Já citei todas as pessoas que foram importantes para o meu ressurgimento. Porém, fiz questão de dedicar o cinturão ao Mestre. A mãe dele era empregada. O pai, pedreiro. Ele poderia ter investido na carreira de atleta, mas desistiu de tudo para virar treinador. Para cuidar da gente. Para que mais mulheres sejam acolhidas no MMA.
Acredito que essa é minha principal missão. Quando a gente fala da PRVT, falamos de empoderamento. Hoje temos mais meninas na equipe do que na época em que comecei. É incrível eu ter me tornado uma referência para elas.
— Pô, que maneiro treinar com a Jéssica Bate Estaca.
— Eu quero ver todo mundo do meu lado no UFC. A gente vai lutar no mesmo card, ganhar um monte de dinheiro, voltar pra casa, levar a mãe no restaurante e pagar a conta. Eu quero que vocês sintam o mesmo prazer que eu sinto no octógono.
Isso é o que sempre transmito às meninas.
Sem a Ronda Rousey para abrir a porta, eu não estaria no maior evento do mundo. Sem a Cris Cyborg, não existiria uma mulher com quatro cinturões em quatro organizações diferentes. Sem a Amanda Nunes, não teríamos uma brasileira campeã em duas categorias.
No dia em que eu parar, quero que outras mulheres olhem para mim e se lembrem: “Cara, a Jéssica era sinistra, engraçada e homossexual. Batia pra caramba e trazia muita alegria pra gente”. Desde que Liz e eu fizemos história, me esforço para mostrar que a bandeira que eu levanto não é a da homossexualidade, mas sim a da felicidade.
Uma lutadora gay e campeã pode fazer enorme diferença na vida das pessoas que têm medo de se assumir, do que os pais vão pensar, do que pode acontecer com elas. Teve uma menina lá do Cazaquistão que me mandou mensagem: “Você é minha inspiração!”. Quantas outras meninas eu posso inspirar?
Assim como a Marta me inspirava no tempo em que queria ser jogadora de futebol.
E como me inspiro nas que vieram antes e desbravaram o caminho para eu chegar até aqui.
Descobri, inclusive, que a inspiração está em todo lugar.
Na expectativa de disputar mais um cinturão.
Na Jéssica que cresceu numa casa de madeira em Umuarama.
Na Jéssica que encontraram lá na roça, no interiorzão do Paraná.
Na Jéssica da farmácia.
Na Jéssica campeã do UFC.
Na Jéssica que não existe sem Fernanda. Ou na Fernanda que não existe sem Jéssica.

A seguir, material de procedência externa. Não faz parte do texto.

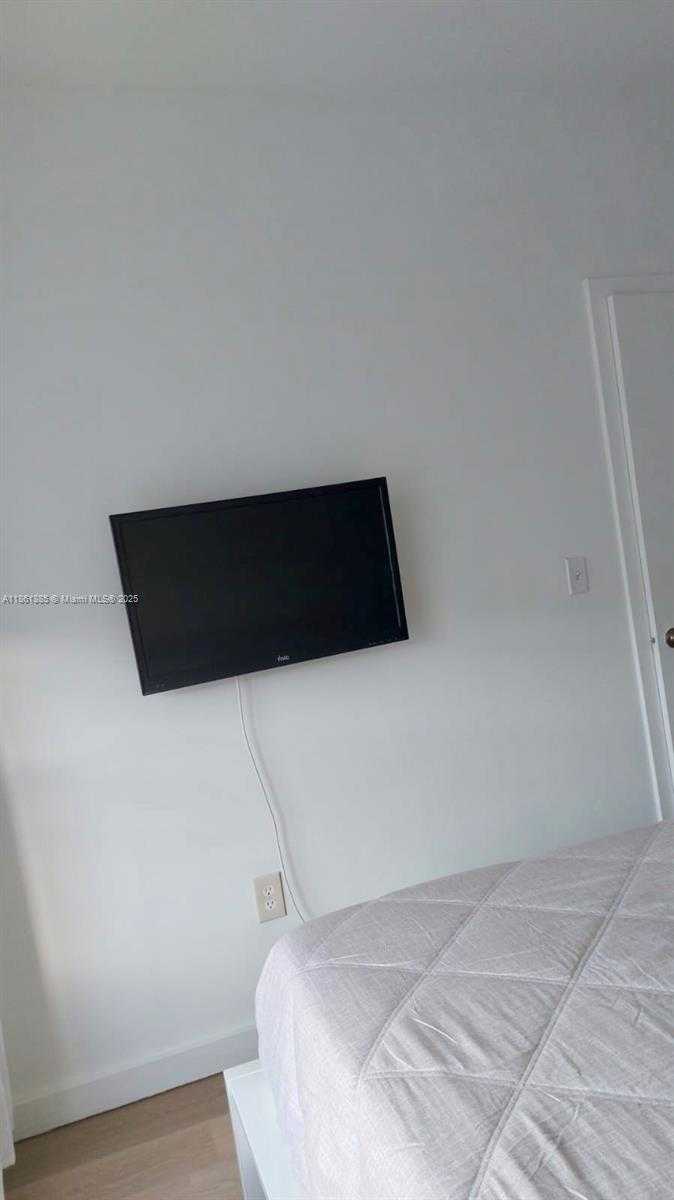 Small Image of 1358 PENNSYLVANIA AVE #301, Miami Beach Number 9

No colchãozinho onde choramos juntas.
No amor que nos uniu.
Na volta por cima após a derrota.
No esporte que se tornou coisa de menina. De mulher!

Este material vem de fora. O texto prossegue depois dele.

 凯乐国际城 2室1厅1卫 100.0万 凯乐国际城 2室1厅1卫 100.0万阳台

Nos 10 meses que fiquei sem lutar para emagrecer e trocar de categoria.
Nos 50 graus dentro da banheira com sal e álcool antes de bater o peso.
Em todos os sacrifícios que tenho de fazer pela minha profissão.
Todos eles me provam que a melhor versão da Jéssica ainda está por vir. E que, independentemente de ganhar ou perder, sempre haverá um recomeço para quem não desiste de lutar.